11. A method of controlling an air-fuel ratio of an internal
combustion engine comprising the steps of: detecting an exhaust gas
quantity of said engine; detecting an oxygen concentration in the
exhaust gas at the upstream side of a catalytic converter of said
engine; estimating an oxygen quantity stored in said catalytic
converter based on said exhaust gas quantity and said oxygen
concentration; feedback controlling a fuel injection quantity to
said engine, so that said oxygen quantity approaches a target
quantity; detecting a misfire in said engine: when an occurrence of
misfire is detected, prohibiting said fuel injection quantity
control based on the oxygen concentration detected at that moment;
prohibiting said fuel injection quantity control based on the
oxygen concentration detected at that moment, for a predetermined
period of time from the end of misfire; forcibly correcting the
fuel injection quantity to be decreased for said predetermined
period of time from the end of misfire; and starting the fuel
injection quantity control based on said oxygen quantity at the end
of the forcible decreasing correction of said fuel injection
quantity.
12. The method of controlling an air-fuel ratio of an internal
combustion engine according to claim 11, wherein said step of
prohibiting the fuel injection quantity control for the
predetermined period of time from the occurrence of misfire and
from the end of misfire comprises the step of; suspending the
update of the oxygen quantity in said step of estimating the oxygen
quantity stored in said catalytic converter.
13. The method of controlling an air-fuel ratio of an internal
combustion engine according to claim 11, wherein said step of
prohibiting the fuel injection quantity control for the
predetermined period of time from the occurrence of misfire and
from the end of misfire comprises the step of; stopping an
operation of said step of feedback controlling the fuel injection
quantity.
14. The method of controlling an air-fuel ratio of an internal
combustion engine according to claim 11, further comprising the
step of; setting said predetermined period of time based on a state
of misfiring.
15. The method of controlling air fuel ratio of an internal
combustion engine according to claim 11, further comprising the
step of: resetting said oxygen quantity to said target quantity at
the end of the forcible decreasing correction of said fuel
injection quantity.
16. The method of controlling an air-fuel ratio of an internal
combustion engine according to claim 11, further comprising the
step of: resetting the estimation value of said oxygen quantity to
a preset value at the end of the forcible decreasing correction of
said fuel injection quantity.
Description
BACKGROUND OF THE INVENTION
1. Field of the Invention
The present invention relates to a device for and method of
controlling an air-fuel ratio of an internal combustion engine
having a constitution to control an air-fuel ratio of a combustion
mixture based on an oxygen quantity stored in a catalytic
converter.
2. Related Art of the Invention
There has heretofore been known a device for controlling an
air-fuel ratio having a constitution to estimate an oxygen quantity
stored in a catalytic converter based on an air-fuel ratio detected
by an oxygen sensor disposed on the upstream side of the catalytic
converter and on an exhaust gas quantity, and to control an
air-fuel ratio of a combustion mixture so that the oxygen quantity
reaches a target value (refer to Japanese Unexamined Patent
Publication Nos. 6-249028 and 10-184425).
When a misfire occurs in the engine, the atmospheric air directly
flows into an exhaust pipe.
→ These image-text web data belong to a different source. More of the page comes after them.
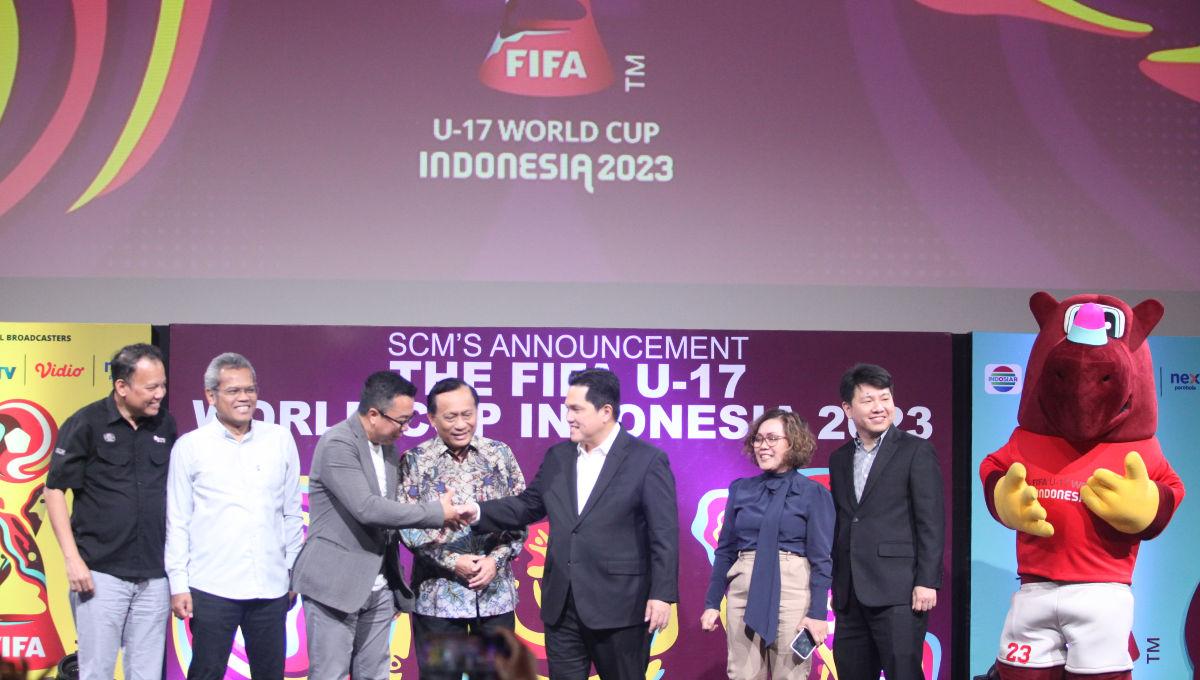 Ketum PSSI Erick Thohir menghadiri acara Broadcaster Announcement FIFA World Cup U-17 Indonesia di Jakarta, Selasa (03/10/23).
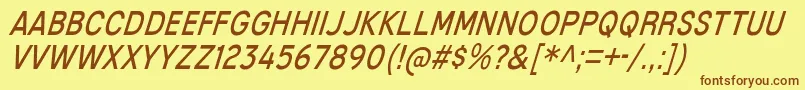 MixolydianTitlingBkIt Font – Brown Fonts on Yellow Background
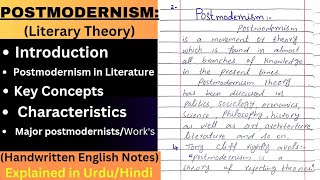 Postmodernism literary theory  Characteristics of Postmodernism with notes [upl. by Mutat]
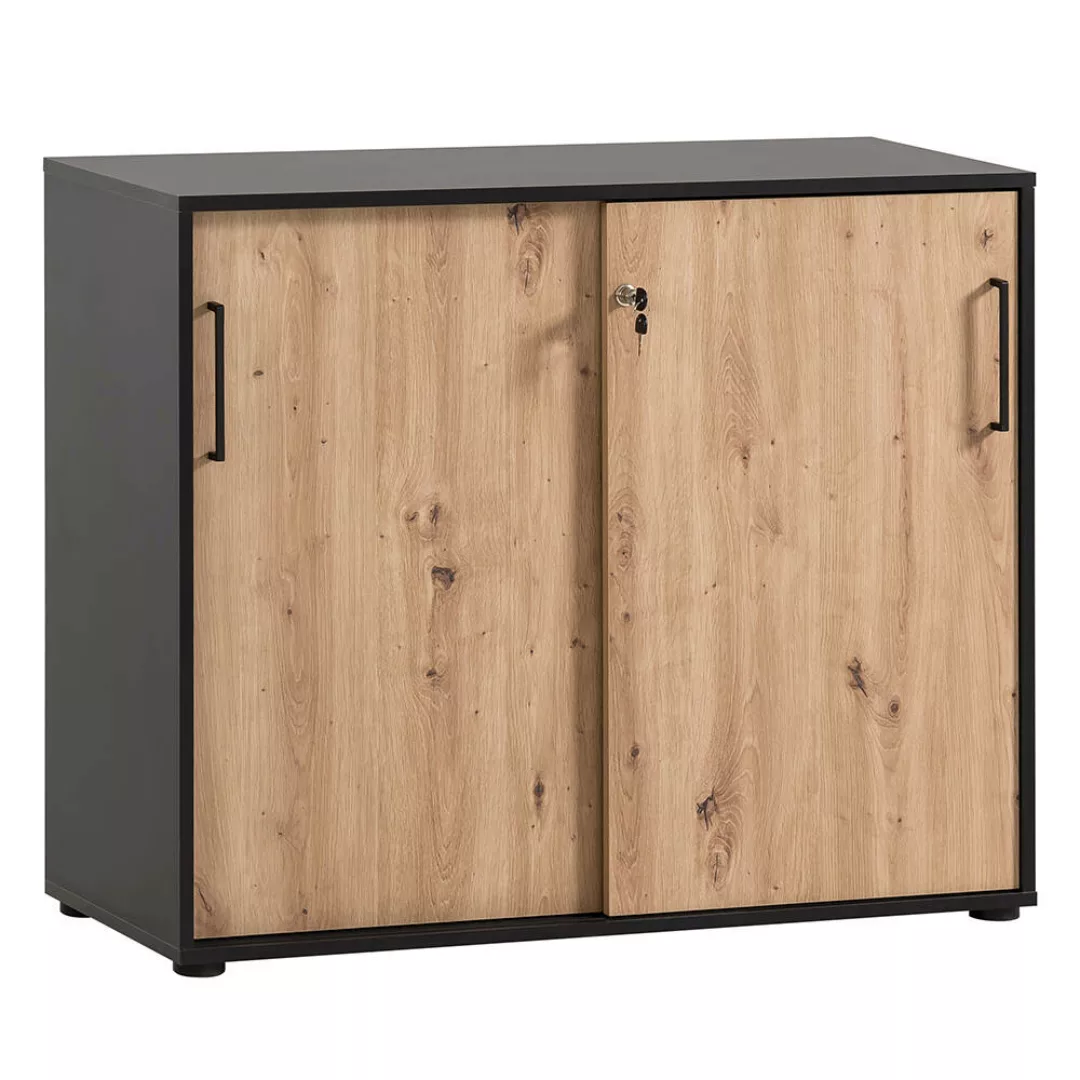 Aktenschrank 100cm, schwarz matt mit Eiche, ALNWICK-80 günstig online kaufen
Accordingly, the oxygen sensor detects
a high oxygen concentration and from the detection result, it is
judged that the oxygen quantity in the catalytic converter is
increasingly changed.
When a misfire occurs, however, fuel injected into the engine flows
without burned into the exhaust pipe and, hence, the unburned fuel
is subjected to the oxidation reaction in the catalytic converter
resulting in the much consumption of oxygen.
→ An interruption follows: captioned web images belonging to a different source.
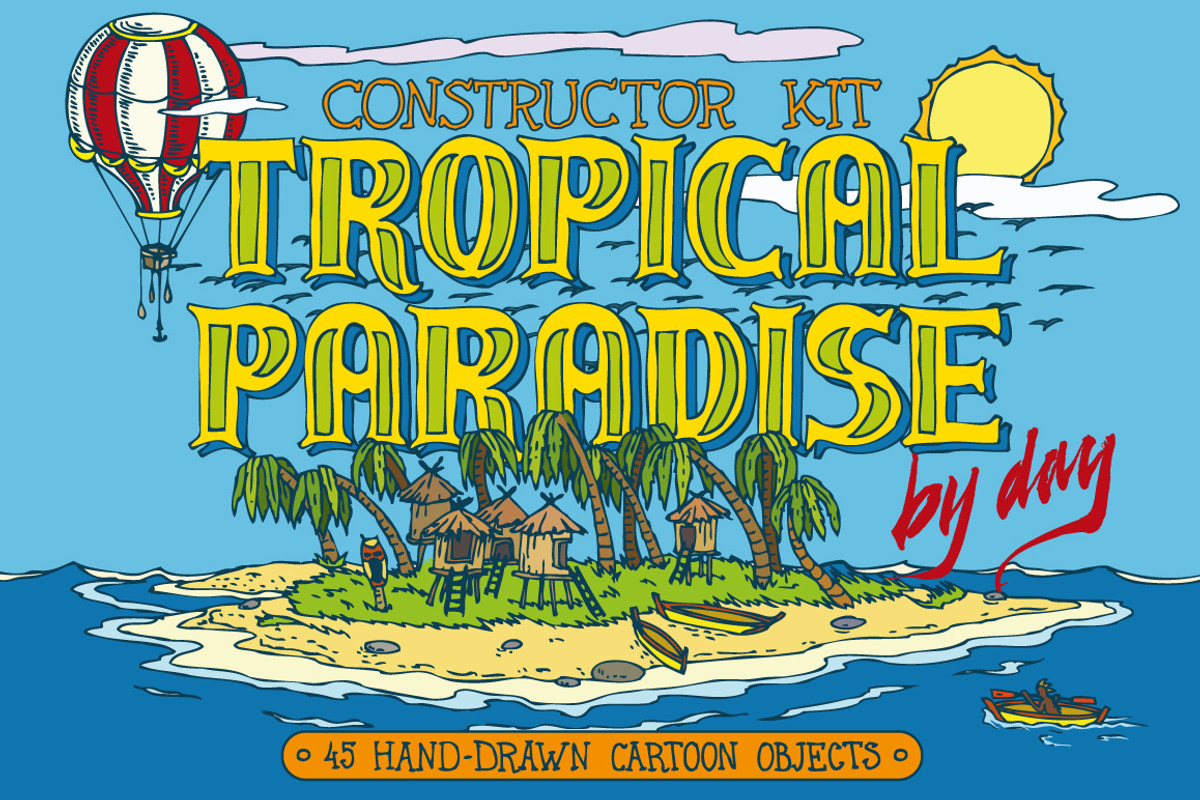 Tropical Paradise Constructor Kit, an Illustration by DeepFuze (Photo 1 of 5)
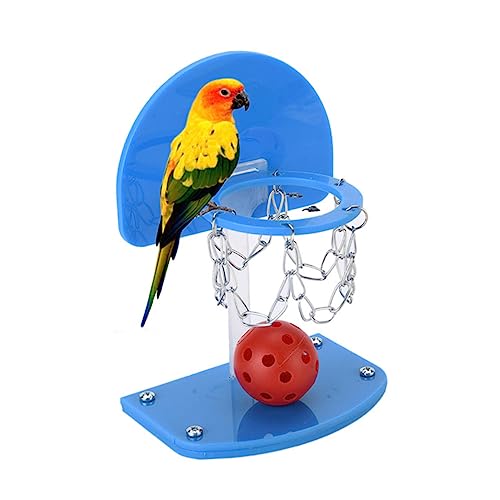 DECHOUS Mini Basketball Hoop Toy for Parrots Interactive Educational Bird Toy Indoor Wall Mount Parrot Basketball Game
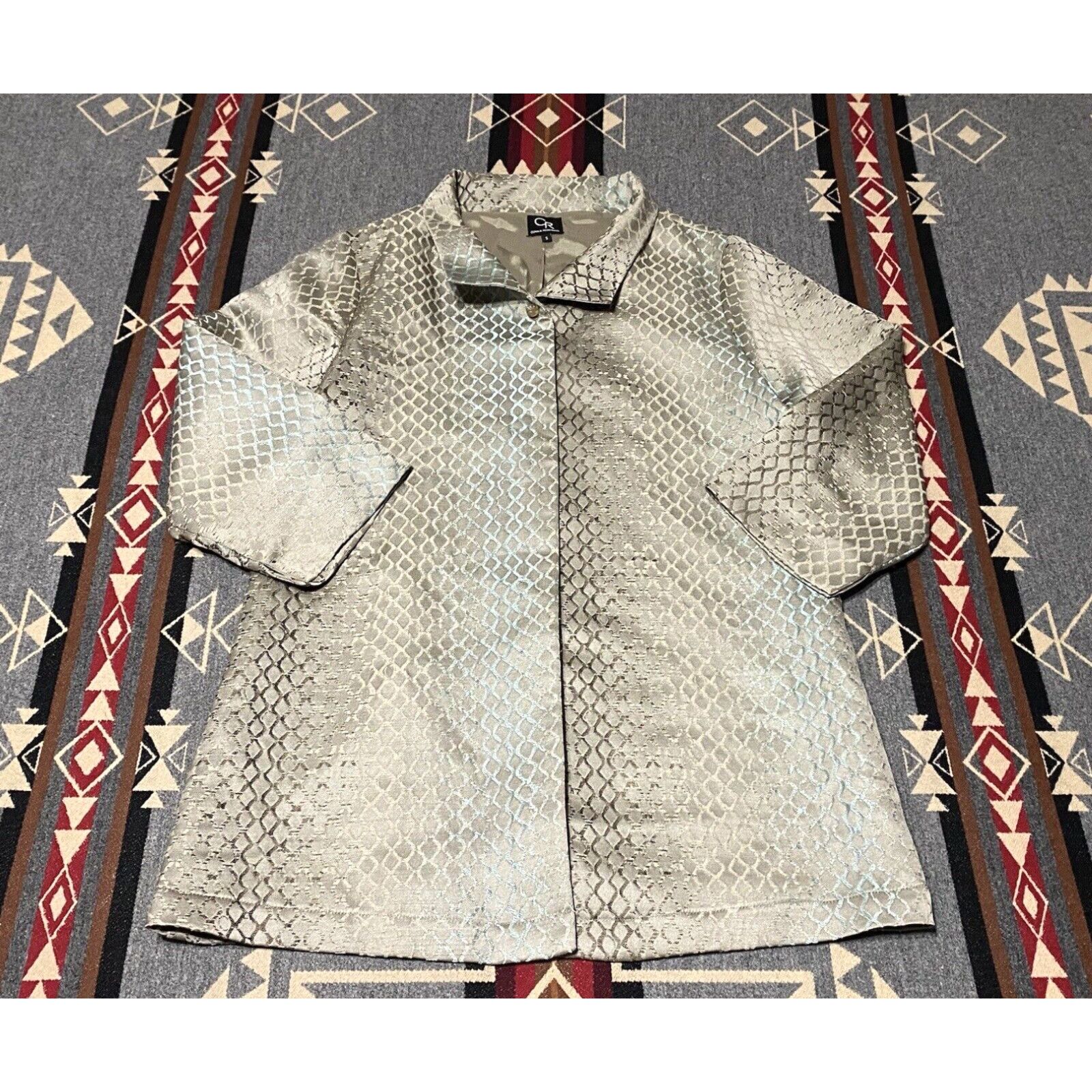 image of Vintage Connie Roberson Womens Topper Jacket Size S 100% Silk Made In Usa 1 Button T55 in White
In practice, therefore, although the oxygen quantity is not largely
changed to increase, an estimation value of the oxygen quantity is
increasingly changed based on the detection result by the oxygen
sensor. Accordingly, the air-fuel ratio is controlled to be rich so
as to decrease the oxygen quantity thereby causing such a problem
that the oxygen quantity is controlled to a value smaller than a
target value.
When a misfire occurs, further, since a large quantity of fuel is
subjected to the oxidation reaction in the catalytic converter, and
the oxygen stored In the catalytic converter is abruptly consumed,
an actual oxygen quantity is rather decreased.
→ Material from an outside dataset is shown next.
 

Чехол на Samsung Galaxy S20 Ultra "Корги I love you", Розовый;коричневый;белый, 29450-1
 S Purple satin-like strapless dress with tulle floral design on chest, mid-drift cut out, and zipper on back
Accordingly, if the air-fuel ratio is controlled to be rich based
on the fact that the estimation value of oxygen quantity is
increasingly changed on the basis of the result detected by the
oxygen sensor, the reduction of oxygen quantity is further
accelerated.
Besides, even if an erroneous control of air-fuel ratio can be
avoided, a decreasing change in the actual oxygen quantity due to
the oxidation reaction of fuel in the catalytic converter cannot be
estimated from the exhaust gas quantity or the oxygen
concentration. Accordingly, the actual oxygen quantity remains
smaller than the target value causing an error in estimating the
oxygen quantity.
SUMMARY OF THE INVENTION
It is therefore an object of the present invention to avoid that an
unnecessary rich control operation is performed based on a
detection result of oxygen concentration in the exhaust gas when a
misfire has occurred.
It is another object of the present invention to quickly return an
actual oxygen quantity back to a target value and to maintain
estimation accuracy of oxygen quantity even in case the actual
oxygen quantity is decreased due to the oxidation reaction of fuel
in a catalytic converter when a misfire has occurred by.
In order to accomplish the above objects, according to the present
invention, in a construction where an oxygen quantity stored in a
catalytic converter is estimated based on an exhaust gas quantity
and on an oxygen concentration in the exhaust gas, and a fuel
injection quantity is feedback controlled so that the estimation
value of oxygen quantity approaches a target quantity, when an
occurrence of misfire is detected, a control of the fuel injection
quantity based on the oxygen concentration detected at that time is
prohibited.
Further, according to the present invention, the construction is
such that, for a predetermined period of time from the end of
misfire following the time when the occurrence of misfire is
detected, the control of the fuel injection quantity based on the
oxygen concentration detected at that time is also prohibited, and
also the fuel injection quantity is forcibly corrected to decrease
for the predetermined period of time from the end of misfire, and
further, after the end of the decreasing correction, the estimated
value of oxygen quantity is reset to a preset value.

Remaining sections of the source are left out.